I turn 27 this week.
I recently watched the movie My Best Friends Wedding, with Julia Roberts in it. In the opening scene, we learn that she is a food critic and 27 years old. I first watched that movie over a decade ago. I remember thinking how put together she seemed, with her huge brick of a flip phone and unfortunate 90s suits and career that gave her travel and good food and the ability to write and get paid for it. For some reason, this woman that Julia Roberts was portraying exuded adulthood to me. I just knew I would have my career and life figured out by the time I turned 27. I predicted I would be married and well establishing in whatever I was doing, maybe even with a kid or two, because we all know the clairvoyant powers of 16 year olds. I knew that by the time I was 27, I would have my life together.

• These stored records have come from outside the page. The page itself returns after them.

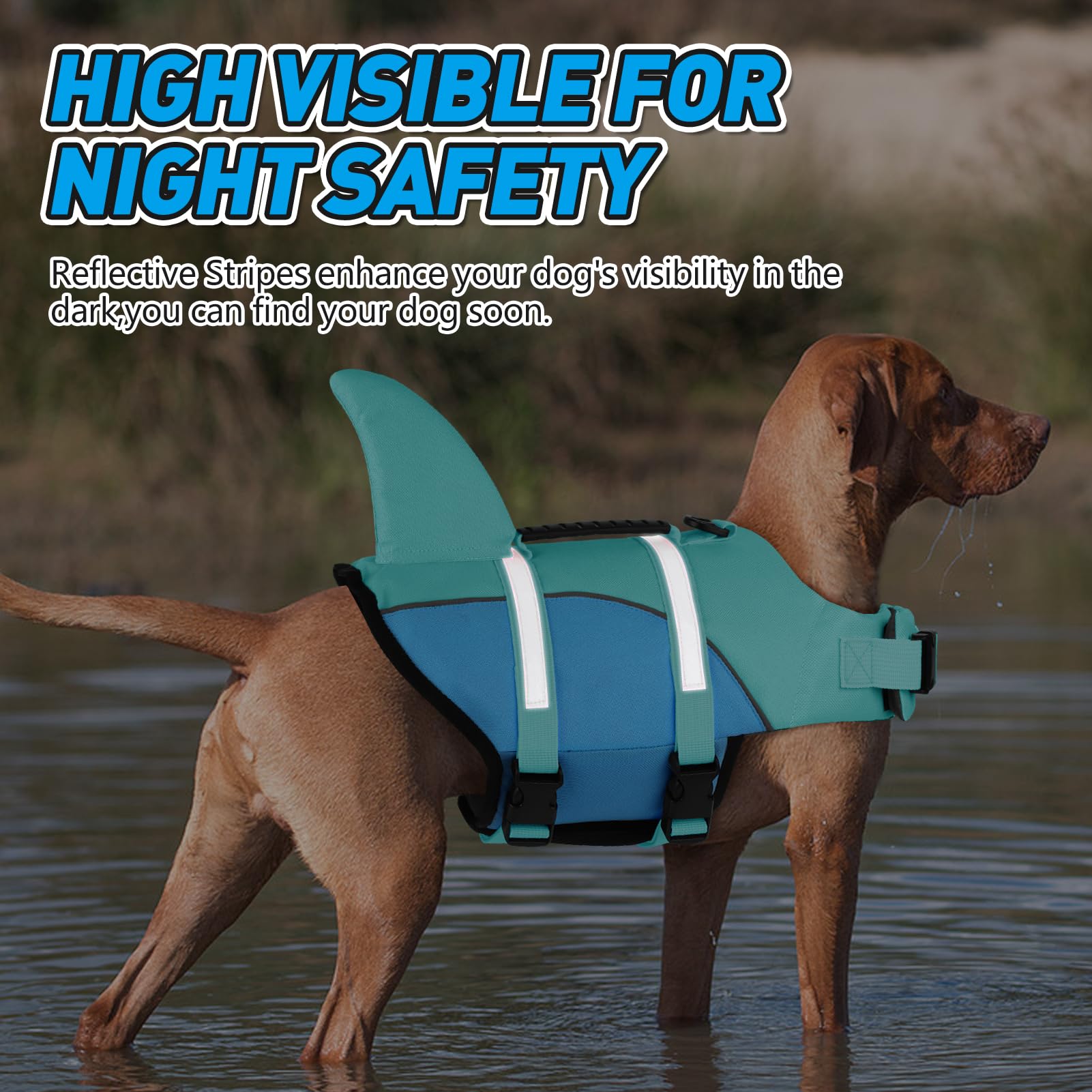 Doglay Gilet de Sauvetage Chien Requin – Haute Flottaison, Poignée de Secours, Ajustable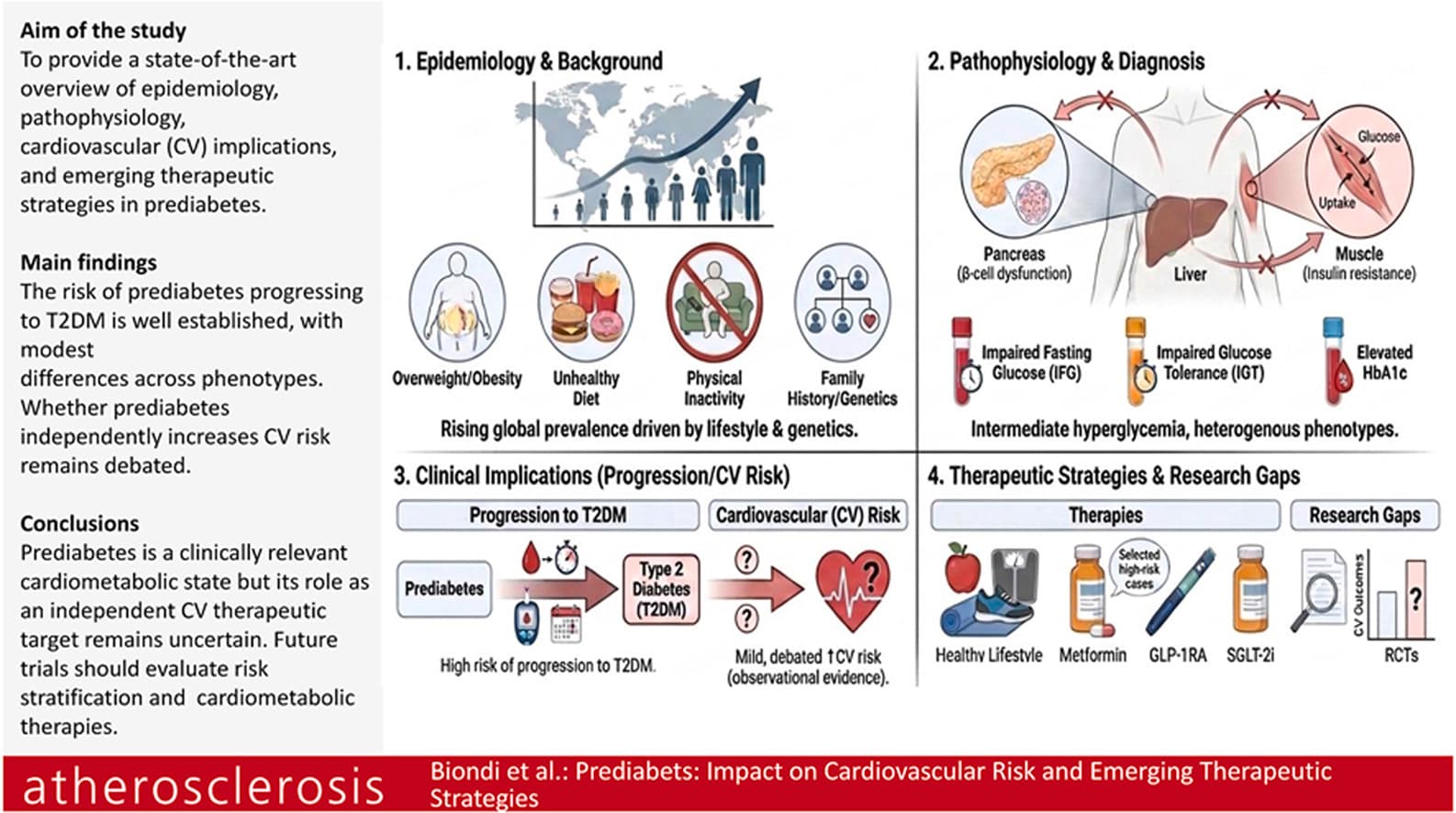 Graphical abstract from Atherosclerosis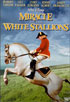 Miracle Of The White Stallions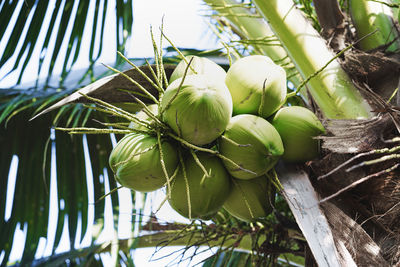 Low angle view of coconut palm tree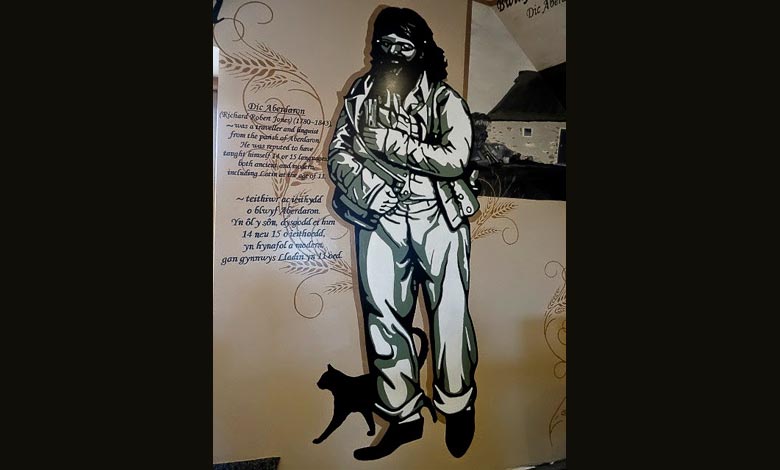 Slideshow Image 7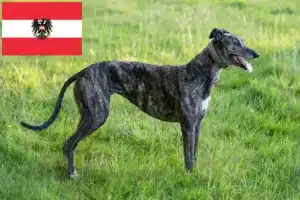Přečtete si více ze článku Chovatelé chrtů a štěňat v Rakousku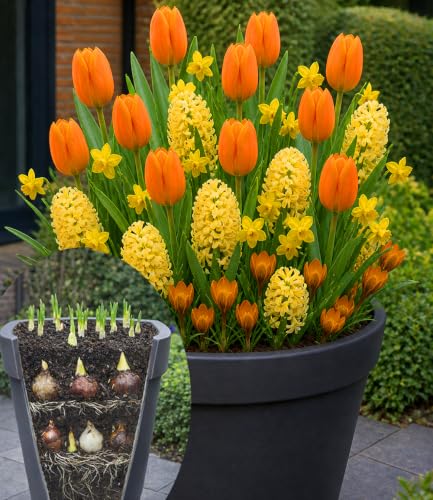 baldur-garten-30x-blumenzwiebel-mix-orange-gelbe-lasagne-tulpen-narzissen-hyazin image 3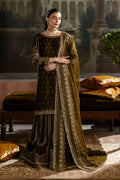 Naqshi | Nazleen Velvet | Danara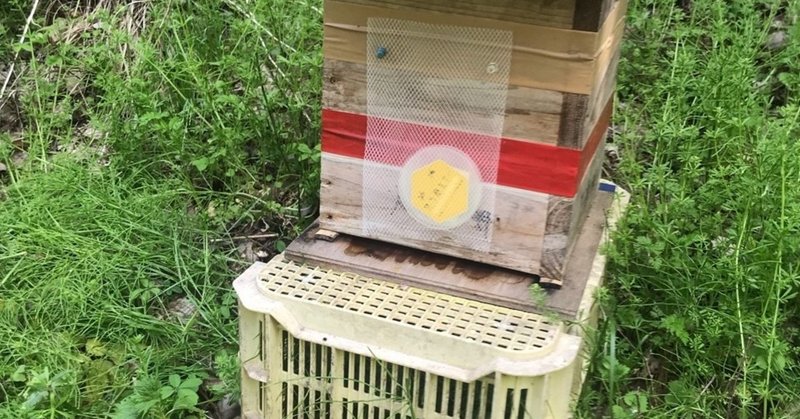 日本ミツバチ待ち箱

So here I am, almost 27. I finally figured out a good hair cut and how to properly apply eye liner. I can cook, do my own laundry, I have a mortgage, and I have successfully kept 2 cats alive for four years. I do not have my life together (surprise!) like 16 year old me thought I would. I’m not always sure what type of behaviors make you an adult, because for a long time I thought having a career and being married and/or having kids made you one. But now that I can look back on 27 years of life, I know plenty of people who have all three of those things who still act like children. But I do know this: life is constantly changing. Things usually don’t go the way you planned them. Sometimes they’re better! Or sometimes they are much, much worse. Your entire adult life isn’t decided when you turn 18, or when you pick a college major, or when you move out of your parents house.

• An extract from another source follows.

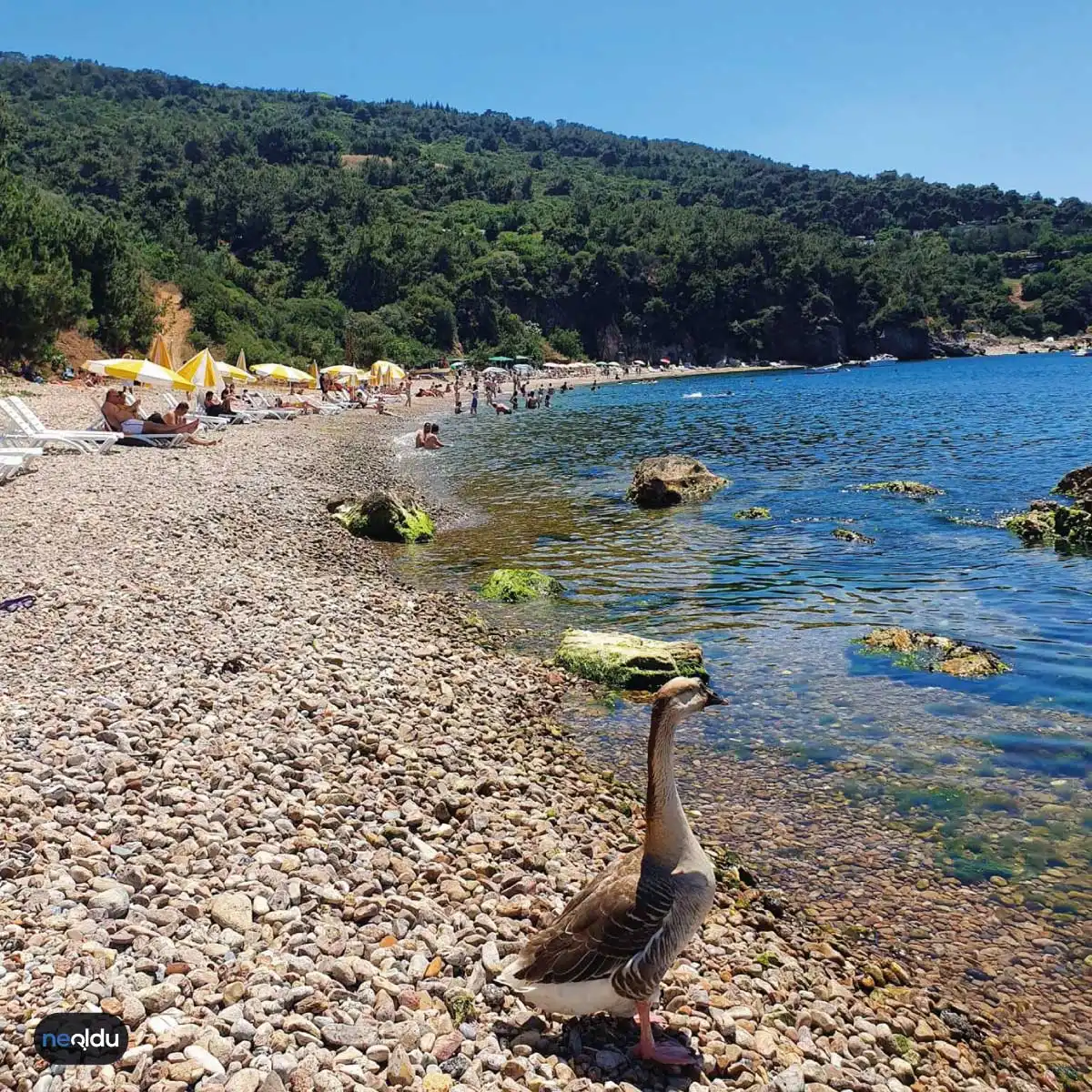 Burgazada'da Gezilecek Yerler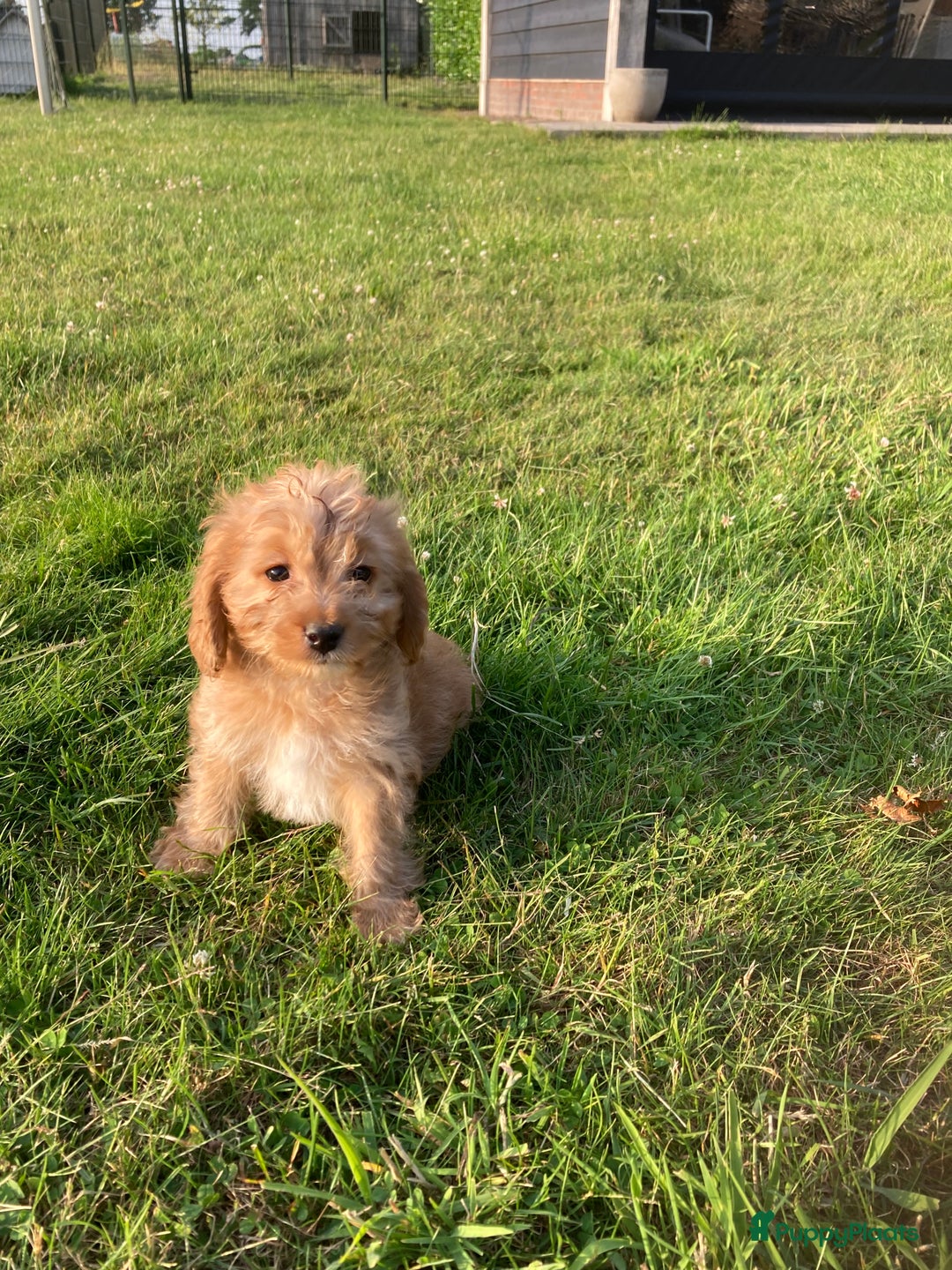 Cockapoo honden te koop: Hele lieve Cockapoo pups - Afbeelding 7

Some people have a real hard time getting older, especially people of my generation who are rapidly approaching 30. There is a lot of propaganda about weight loss, exercise, food and cosmetics to make the aging process slow down or reverse itself. This is baloney. Time marches on. Your body changes, your metabolism slows down (whimper). But something that I have learned about food: you can eat it and stress about it and fuel your body with crazy, unhealthy things. This will not make you look or feel any younger. But you can fuel your body with healthy things that make you feel good that allow you to enjoy the life thats right in front of you, right now, so you don’t miss anything and you can actually live. That’s why it’s so important to put the right food into your body. Its also super important to enjoy and savor what you have, to slow down and enjoy the entire process of food: from the creating to the eating. For me, that means lazy mornings off of work, slowly savoring coffee and making pancakes.
This is my favorite pancake recipe. It’s easy, quick, and delicious. A lack of orange juice can be substituted with 1 full cup of buttermilk or plain milk. I’ve often used chocolate chips instead of blueberries, or both. Skip the zest if you don’t have any. Almond or vanilla extract work well here. For me, thats the mark of a good recipe: its flexible, no fuss, and uses whats on hand to still get something delicious.
One crucial tip: before you being cooking your pancakes, place a cookie sheet in the oven at 200 degrees F and place wire racks on the cookie sheet. After each pancake is done, slide it in the oven onto the rack. Do not stack them on top of one another. Stacking them creates condensation and results is moist, soggy cakes. You want warm cakes with crisp edges and tender centers. This is how you get there. This is especially important if you are making pancakes for a crowd and want to keep them warm.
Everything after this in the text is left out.